Segundo Badinter, Louise começou então a se tornar "Émilie", nome pelo qual
tinha especial predileção: é assim que
passara a se chamar na intimidade; é o
nome da protagonista de seu romance
autobiográfico e ainda o de sua neta querida, para quem escreveria "As Conversações de Émilie", completando de vez a
própria metamorfose.
As Émilie não se conheceram, nem sequer se viram de longe. Embora contemporâneas, não pertenciam à mesma geração. Mas é um grande achado aproximar
seus destinos, que resumem facetas distintas das Luzes. Madame du Châtelet representa, no dizer de Pascal, o espírito
geométrico do tempo, seu culto à razão e
à ciência. Interessava-se apenas pelas disciplinas especulativas e fazia pouco da
obra poética e até mesmo historiográfica
de Voltaire. Aliás, o Voltaire com quem
viveu é, não por acaso, o autor das "Cartas Inglesas" e dos "Elementos", leitor de
Newton e Locke, e não o futuro e intransigente defensor dos direitos humanos.
Madame d'Épinay personifica a "finesse": gosta da vida em sociedade, é romancista, escreve sobre pedagogia e teatro.
Resume a grande mudança ocorrida em
meados do século, quando a sociedade se
torna o valor supremo e, a educação, o
único meio de formar bons cidadãos.
Época em que o filósofo já não é teólogo
ou metafísico, mas um homem de bem,
que quer agradar e ser útil, segundo a fórmula consagrada pela "Encyclopédie".

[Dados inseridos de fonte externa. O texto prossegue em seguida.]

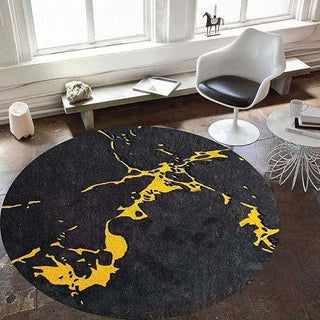 Aurex Round Hand Tufted Carpet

Apesar de sua formação excepcional,
para chegar aonde queria Madame du
Châtelet recorreu aos melhores professores do tempo. Durante seu retiro, primeiro estudou com Maupertuis, depois com
Clairaut, em seguida com Koenig, aluno
do leibniziano Wolff, e finalmente com
Bernouilli. No começo dos anos 40, sua
correspondência mostra que era tratada
como um deles pelos maiores físicos do
século.
Com efeito, em 1738, Émilie publicara o
primeiro trabalho científico, a "Dissertação sobre a Natureza e a Propagação do
Fogo". O texto, que foi escrito para um
concurso da Academia de Ciências e não
arrebatou o prêmio, se esforçava por conciliar Leibniz e Newton, contra o que pretendiam cartesianos e newtonianos. A
tentativa reaparecerá no grande livro de
Madame du Châtelet, as "Instituições de
Física" (1740), segundo o qual toda obra
do gênero se baseia necessariamente numa metafísica. Embora aceite sem restrições a teoria da atração universal, Émilie
invoca o princípio de razão suficiente a
fim de criticar aqueles que se recusam a
lhe buscar uma causa mecânica. Além
disso, o livro adota a teoria leibniziana de
um Deus necessário e sábio, que entre todos os possíveis escolhera o melhor dos
mundos. Que teria pensado Voltaire, que
dentro de 20 anos escreveria o "Cândido"
justamente para escarnecer dessa idéia?
Émilie du Châtelet passou os últimos
anos de sua vida dedicando-se à obra que
afinal lhe daria a celebridade: a tradução e
o comentário dos "Principia Mathematica", de Newton. Em 1746, tornou-se
membro da Academia de Bolonha, o que
não era pouco.
A glória de Madame d'Épinay foi diferente. Primeiro teve que recuperar o tempo perdido e de que modo o fez é um dos
momentos mais sedutores do livro de Badinter. Louise beneficiou-se de uma das
mais prezadas artes do século 18: a conversação. Dizem que não brilhava nessa
arte, mas sabia ouvir como ninguém os
ilustres convidados que recebia em La
Chevrette.
Por exemplo, Rousseau, que ainda não
escrevera o "Emílio", mas já o estava matutando; ou Duclos, autor famoso de um
romance libertino, que se credenciara como pedagogo ao publicar as "Considerações sobre os Costumes" (1751). Acrescente-se ainda que manteve uma farta
correspondência (uma conversa à distância...) com o abade Galiani, que lhe ensinou economia política; uma longa ligação amorosa com Melchior Grimm, diretor da "Correspondência Literária, Filosófica e Crítica"; e enfim uma estreita
amizade com Diderot, um dos mais fascinantes conversadores do tempo.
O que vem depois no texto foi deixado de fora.